Raw data.

· · · ·

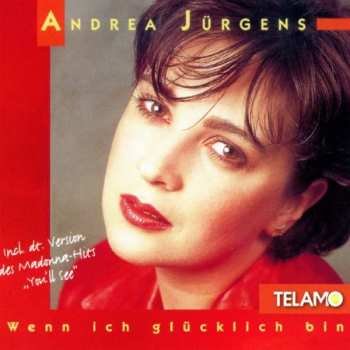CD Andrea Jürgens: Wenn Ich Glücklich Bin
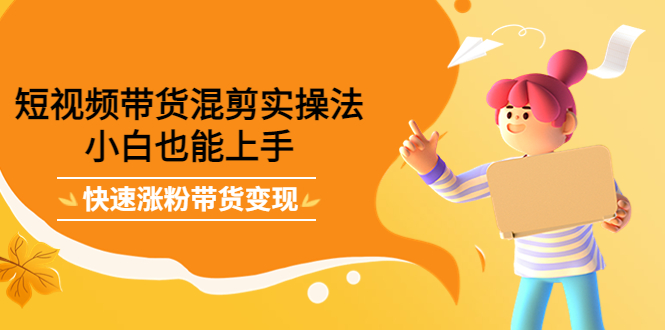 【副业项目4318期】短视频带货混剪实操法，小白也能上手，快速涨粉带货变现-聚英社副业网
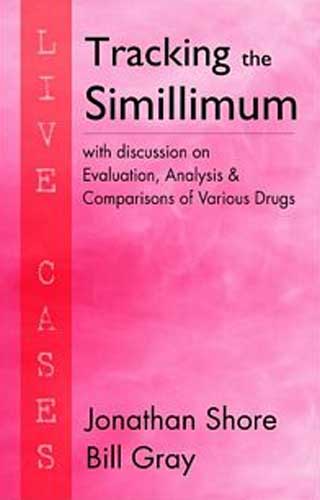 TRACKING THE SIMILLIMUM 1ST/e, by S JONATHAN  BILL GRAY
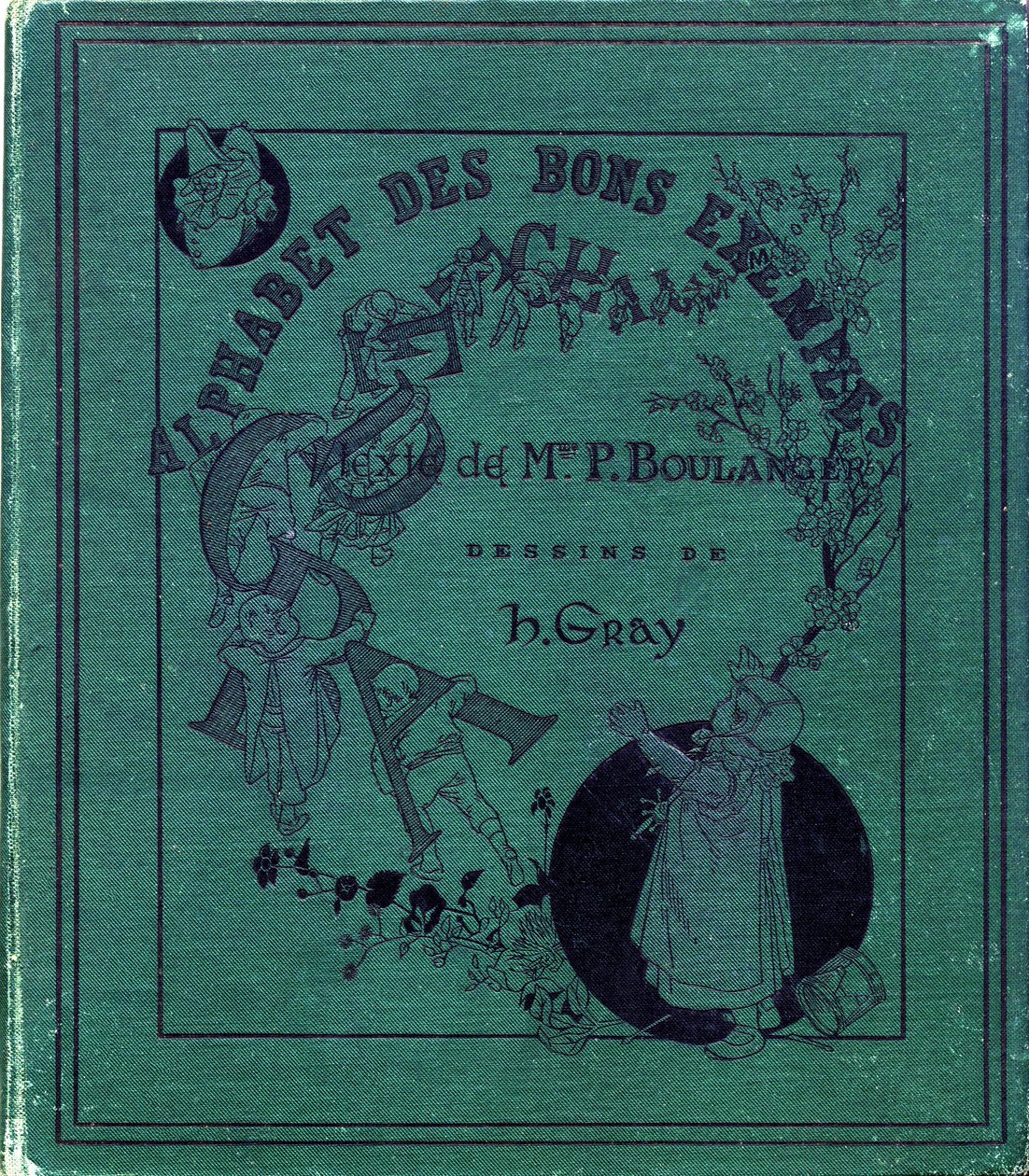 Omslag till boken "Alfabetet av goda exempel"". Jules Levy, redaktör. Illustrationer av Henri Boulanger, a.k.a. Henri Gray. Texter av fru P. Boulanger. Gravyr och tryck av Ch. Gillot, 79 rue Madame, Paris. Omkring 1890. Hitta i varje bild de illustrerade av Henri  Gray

· · · ·

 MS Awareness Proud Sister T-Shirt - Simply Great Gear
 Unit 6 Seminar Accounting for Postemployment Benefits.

· · · ·

Exact copy, no pictures. Write out the lines in the entries above, starting with the line with "CD Andrea Jürgens: Wenn Ich Glücklich Bin" and going on through the line with "Omslag till boken", keeping both.

CD Andrea Jürgens: Wenn Ich Glücklich Bin
 【副业项目4318期】短视频带货混剪实操法，小白也能上手，快速涨粉带货变现-聚英社副业网
 TRACKING THE SIMILLIMUM 1ST/e, by S JONATHAN  BILL GRAY
 Omslag till boken "Alfabetet av goda exempel"". Jules Levy, redaktör. Illustrationer av Henri Boulanger, a.k.a. Henri Gray. Texter av fru P. Boulanger. Gravyr och tryck av Ch. Gillot, 79 rue Madame, Paris. Omkring 1890. Hitta i varje bild de illustrerade av Henri  Gray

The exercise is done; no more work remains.